Some things in the results are redundant, such as the sensor or the feature. The following query is cleaner (note also the different query syntax, result order, and selected variables)

prefix ssn: <http://purl.oclc.org/NET/ssnx/ssn#>
prefix rdf: <http://www.w3.org/1999/02/22-rdf-syntax-ns#>
prefix dul: <http://www.loa-cnr.it/ontologies/DUL.owl#>
prefix : <http://envi.uef.fi/saicos#>

select ?property ?time ?value 
from <http://markusstocker.com/assets/posts/sensor-observations/observations.rdf>
where
{
  [ rdf:type ssn:Observation ;
    ssn:observedProperty ?property ;
    ssn:observationResult [ 
      ssn:hasValue [ dul:hasRegionDataValue ?value ]
    ] ;
    ssn:observationResultTime [ dul:hasRegionDataValue ?time ]
  ]
}
order by asc(?time)

In the last post, we described the sensor with metadata, such as the platform on which it is installed and the location of the platform as well as the temperature operating range of the device. You can execute the following SPARQL query to retrieve these attributes of the LI-7500 at Linnansuo.

prefix ssn: <http://purl.oclc.org/NET/ssnx/ssn#>
prefix rdf: <http://www.w3.org/1999/02/22-rdf-syntax-ns#>
prefix dul: <http://www.loa-cnr.it/ontologies/DUL.owl#>
prefix geo: <http://www.opengis.net/ont/geosparql#>
prefix : <http://envi.uef.fi/saicos#>

select ?platformLocation ?operatingRange
from <http://markusstocker.com/assets/posts/sensor-observations/observations.rdf>
where {
  :theLinnansuoLI-7500 ssn:onPlatform [
    dul:hasLocation [
      geo:hasGeometry [ geo:asWKT ?platformLocation ]
    ]
  ] .
  :theLinnansuoLI-7500 ssn:hasOperatingRange [
    dul:hasRegion [ dul:hasRegionDataValue ?operatingRange ]
  ]
}

Sensor data and metadata about sensors, all described and accessed with the same set of technologies using a generic vocabulary, the SSN ontology, which is pretty much a de facto standard within the community.
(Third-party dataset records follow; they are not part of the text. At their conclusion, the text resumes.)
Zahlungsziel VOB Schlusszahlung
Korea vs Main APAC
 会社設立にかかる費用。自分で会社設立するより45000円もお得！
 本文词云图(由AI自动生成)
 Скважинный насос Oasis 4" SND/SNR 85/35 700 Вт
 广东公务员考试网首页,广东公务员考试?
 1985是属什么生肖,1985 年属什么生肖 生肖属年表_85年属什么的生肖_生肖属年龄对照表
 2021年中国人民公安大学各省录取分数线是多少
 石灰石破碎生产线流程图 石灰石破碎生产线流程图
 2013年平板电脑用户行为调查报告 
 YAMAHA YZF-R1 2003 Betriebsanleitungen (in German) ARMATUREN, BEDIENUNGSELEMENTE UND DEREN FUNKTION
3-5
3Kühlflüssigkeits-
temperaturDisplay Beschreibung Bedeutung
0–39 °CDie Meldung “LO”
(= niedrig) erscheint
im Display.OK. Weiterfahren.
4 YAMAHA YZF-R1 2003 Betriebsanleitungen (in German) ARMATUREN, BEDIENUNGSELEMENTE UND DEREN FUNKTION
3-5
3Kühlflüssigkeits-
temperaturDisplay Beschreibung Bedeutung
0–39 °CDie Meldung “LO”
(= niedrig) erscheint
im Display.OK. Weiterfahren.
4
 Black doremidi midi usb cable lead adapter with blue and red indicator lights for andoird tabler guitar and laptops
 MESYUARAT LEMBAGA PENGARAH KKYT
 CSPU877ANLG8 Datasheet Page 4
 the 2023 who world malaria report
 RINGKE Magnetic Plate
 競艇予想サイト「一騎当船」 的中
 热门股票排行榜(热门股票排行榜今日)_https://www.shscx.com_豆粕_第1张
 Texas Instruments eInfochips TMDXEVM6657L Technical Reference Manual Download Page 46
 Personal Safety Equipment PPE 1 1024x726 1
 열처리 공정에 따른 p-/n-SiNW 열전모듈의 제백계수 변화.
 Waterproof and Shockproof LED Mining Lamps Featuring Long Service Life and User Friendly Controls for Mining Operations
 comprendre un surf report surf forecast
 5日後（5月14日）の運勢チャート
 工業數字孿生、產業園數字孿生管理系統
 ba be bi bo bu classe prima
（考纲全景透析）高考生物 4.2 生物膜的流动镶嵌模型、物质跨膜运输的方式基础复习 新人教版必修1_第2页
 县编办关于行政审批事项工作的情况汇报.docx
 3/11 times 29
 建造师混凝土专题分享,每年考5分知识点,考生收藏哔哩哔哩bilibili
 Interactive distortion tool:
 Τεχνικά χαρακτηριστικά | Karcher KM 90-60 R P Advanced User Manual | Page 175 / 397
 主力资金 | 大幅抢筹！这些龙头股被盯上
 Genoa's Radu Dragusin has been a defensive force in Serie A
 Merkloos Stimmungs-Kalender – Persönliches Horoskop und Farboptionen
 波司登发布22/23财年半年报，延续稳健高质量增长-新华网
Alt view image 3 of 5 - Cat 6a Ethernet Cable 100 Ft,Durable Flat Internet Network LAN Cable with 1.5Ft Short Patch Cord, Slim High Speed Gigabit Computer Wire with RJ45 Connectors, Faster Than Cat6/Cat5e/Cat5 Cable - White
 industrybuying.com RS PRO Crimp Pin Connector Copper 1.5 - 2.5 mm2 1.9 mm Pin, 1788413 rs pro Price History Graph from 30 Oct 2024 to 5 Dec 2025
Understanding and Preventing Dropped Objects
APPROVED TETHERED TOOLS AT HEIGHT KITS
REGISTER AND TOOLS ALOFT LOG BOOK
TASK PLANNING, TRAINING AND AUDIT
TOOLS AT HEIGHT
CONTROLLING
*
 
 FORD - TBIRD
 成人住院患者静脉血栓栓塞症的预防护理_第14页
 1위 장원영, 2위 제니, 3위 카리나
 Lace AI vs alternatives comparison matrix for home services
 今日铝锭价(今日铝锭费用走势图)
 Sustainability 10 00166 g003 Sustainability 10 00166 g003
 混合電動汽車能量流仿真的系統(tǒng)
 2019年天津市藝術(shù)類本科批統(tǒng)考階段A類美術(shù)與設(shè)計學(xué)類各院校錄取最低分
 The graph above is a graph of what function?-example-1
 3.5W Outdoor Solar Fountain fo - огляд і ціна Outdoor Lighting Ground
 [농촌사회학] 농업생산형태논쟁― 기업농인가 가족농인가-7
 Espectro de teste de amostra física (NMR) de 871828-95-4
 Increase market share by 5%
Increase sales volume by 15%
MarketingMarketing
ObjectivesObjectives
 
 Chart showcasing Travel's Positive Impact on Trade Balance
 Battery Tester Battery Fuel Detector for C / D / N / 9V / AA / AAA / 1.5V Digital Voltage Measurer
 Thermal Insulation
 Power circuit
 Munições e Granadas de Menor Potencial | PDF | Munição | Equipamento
It is sufficient to know how the SSN ontology represents sensors and observations to be able to interact with the data. No need to get familiar with the data model of a particular database.

Pretty cool no?

Stricly speaking, it is sufficient to know basic SPARQL, RDF, and OWL to discover how to interact with RDF data. Try the following query to retrieve the known classes:

prefix owl: <http://www.w3.org/2002/07/owl#>
prefix rdf: <http://www.w3.org/1999/02/22-rdf-syntax-ns#>

select ?class
from <http://markusstocker.com/assets/posts/sensor-observations/observations.rdf>
where {
  ?class rdf:type owl:Class
}

Now that you know what classes exist, you may query for instances of LI-COR_LI-7500:

prefix rdf: <http://www.w3.org/1999/02/22-rdf-syntax-ns#>
prefix : <http://envi.uef.fi/saicos#>

select ?sensor
from <http://markusstocker.com/assets/posts/sensor-observations/observations.rdf>
where {
  ?sensor rdf:type :LI-COR_LI-7500
}

This will give you the LI-7500 at Linnansuo, and with it you can discover more, e.g. observations. As a side note, if your query engine implements basic RDFS reasoning, you could substitute the class :LI-COR_LI-7500 with :InfraredGasAnalyzer and you would also get the LI-7500 at Linnansuo. The query engine here does not support RDFS reasoning. The result is thus empty.

This post is part of a series. Previous posts discussed RDF, RDFS and OWL, and the extraction of metadata about sensing devices from various documents. The next one is about the representation of datasets using the QB vocabulary.